Ribcage and Thoracic Spine Model#
The present generic ribcage and thoracic model has been published in Shayestehpour, H., Tørholm, S., Damsgaard, M., Lund, M., Wong, C., Rasmussen, J.: A generic detailed multibody thoracic spine and ribcage model. This model extends the state-of-the-art by introducing a kinematically determinate rigid-body model controlled by full spine DOFs, enabling the simulation of activities such as curved spine motions (e.g., scoliosis) with detailed ribcage kinematics. Designed for improved usability in clinical and motion capture applications, the model has a wide Range of Motion (ROM) and accommodates severe deformities without locking, thanks to nonlinear constraints and redundancy handling. The model supports direct and inverse kinematics, offering flexibility in input options.
The new model builds on a previously developed thoracic spine model 1. This thoracic spine model consists of the thoracic vertebral column (12 vertebrae) and the ribcage, including individual ribs (24 ribs) and a two-part sternum. The multiple segments interconnected by joints replicate the physiological connections and load transfer mechanisms.
Here is a full view of the flexible thoracic model together with the new abdominal pressure model.
Kinematics#
The kinematic constraints of the thorax are summarized as follows:
Vertebra constraints: The intervertebral joints of the spine, adopted from previous work, are modeled as spherical joints. These joint angles can be adjusted to set the model’s posture.

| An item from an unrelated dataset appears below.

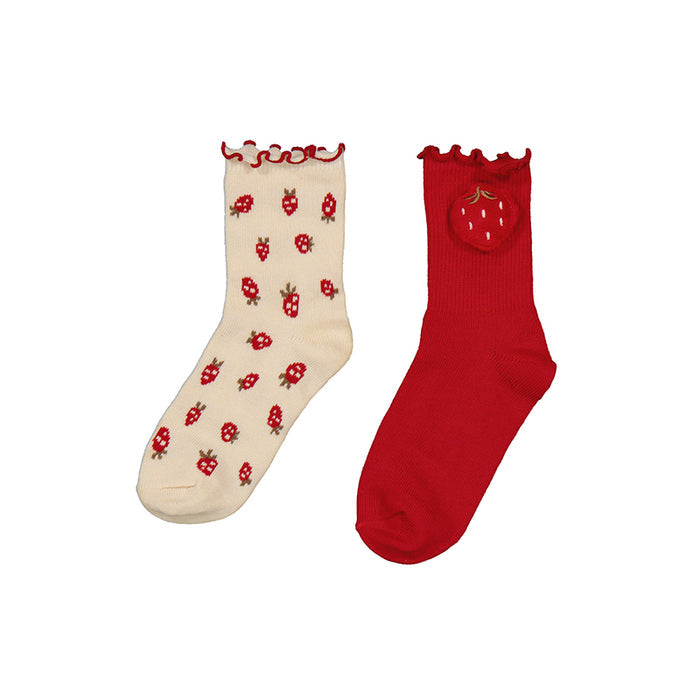 Mayoral 2pck Jacquard Socks - Red Strawberries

Rib constraints: The costovertebral (CV) connections between the vertebrae and ribs are also defined as spherical joints. For each rib, three rotational Averaging measure (AvgM) constraints were established. Detailed information is provided in the paper.
Sternum constraints: A revolute joint was defined between the manubrium and the sternal body, allowing rotation around the mediolateral axis. This DOF enables ribcage movements independent of spinal posture. Additionally, three linear and three rotational AvgM constraints were defined for the entire sternum, with further details provided in the paper.

Spine rhythms#
To drive the thoracic model, only the thoracic spine needs to be controlled, while the ribcage follows the spine as it is kinematically determinate due to the constraints. However, the thoracic spine consists of 12 vertebrae, each requiring three rotational drivers. To simplify usage, we introduced rhythms, which are constraints that link the rotational DOFs of the intervertebral joints. As a result, all vertebrae are linked with rhythm drivers, requiring input for only three spine rotational DOFs (flexion/extension, lateral bending, and axial rotation). Below is a video demonstrating how the rhythms work.
Example of the model#
Here are some examples of the new thoracic model.
Muscles configurations#
The muscle configuration of the model has been greatly expanded in both the spine and abdominal regions, with a total of 1,222 muscle fascicles for the thoracic spine.



Example Configuration#
The detailed thoracic model can be controlled using the BM_*
statements like the rest of the body models.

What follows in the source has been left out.